Gavin Grimm became a household name overnight, it seemed. The transgender teenage high school boy – now 20 years old – sued the Gloucester County, Virginia School Board in 2015, when he was a junior. One of his first wins came the following year, and another after he had already graduated, although he later had a setback at the U.S. Supreme Court.
Friday afternoon, Grimm won another major victory. A federal court ruled the Gloucester County School Board acted in a discriminatory manner and was wrong to ban him from using the boys’ restrooms in his high school, and was wrong to not have changed his school records to indicate he is a boy, and will have to pay his attorneys’ fees.
“The court ruled the board’s policies violated Grimm’s rights under both the Fourteenth Amendment of the U.S. Constitution and Title IX of the Education Amendments of 1972,” WAVY reports.

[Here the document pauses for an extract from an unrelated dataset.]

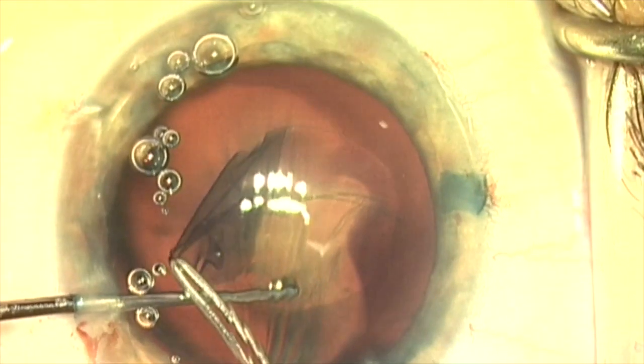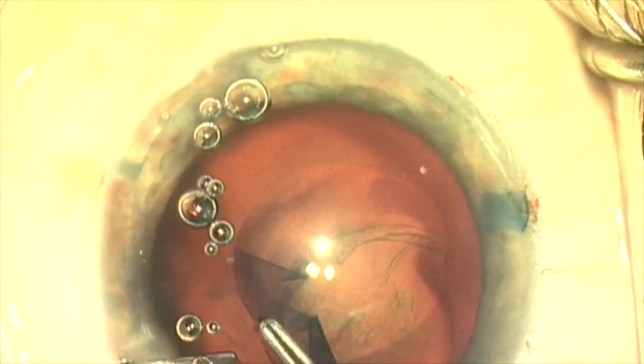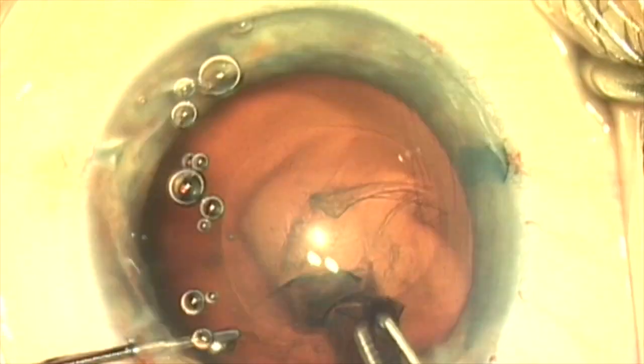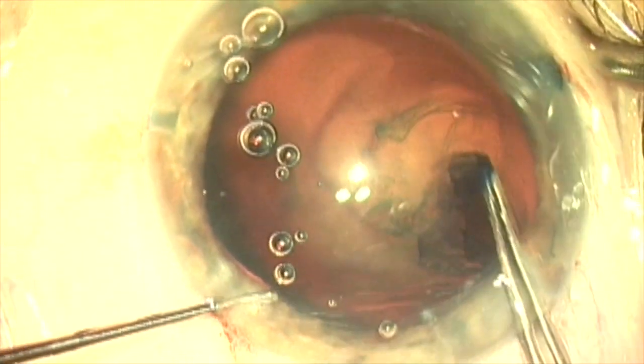When I tear against the side that has some zonules remaining, I don't need to stabilize as much. Here you can see I'm completing the capsulorrhexis, and I'm centering it on the lens — not on the pupil — because the lens is dislocated.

BREAKING: A federal court just agreed with us that Gloucester High School was wrong to deny Gavin Grimm access to the boys’ restrooms and an accurate transcript identifying him as a boy.— ACLU (@ACLU) August 9, 2019
🗣 Trans people belong in schools. Trans people belong EVERYWHERE https://t.co/WfmZEBAWXo
Perhaps it was his comment to the press that he just wanted to be able to use the restroom like any other student, that struck a chord with many people across the country – just not with the Gloucester County School Board, who forced him to use a specially-devised “boys room” that had been converted from a janitor’s closet.
“The issue remains far from settled. A patchwork of differing policies governs the nation’s schools,” the AP reports Friday. And today’s “ruling will likely strengthen similar claims made by students in eastern Virginia. It could have a greater impact if the case goes to an appeals court that oversees Maryland, West Virginia and the Carolinas.”
In 2017 Grimm became the youngest person to make TIME magazine’s 100 Most Influential People.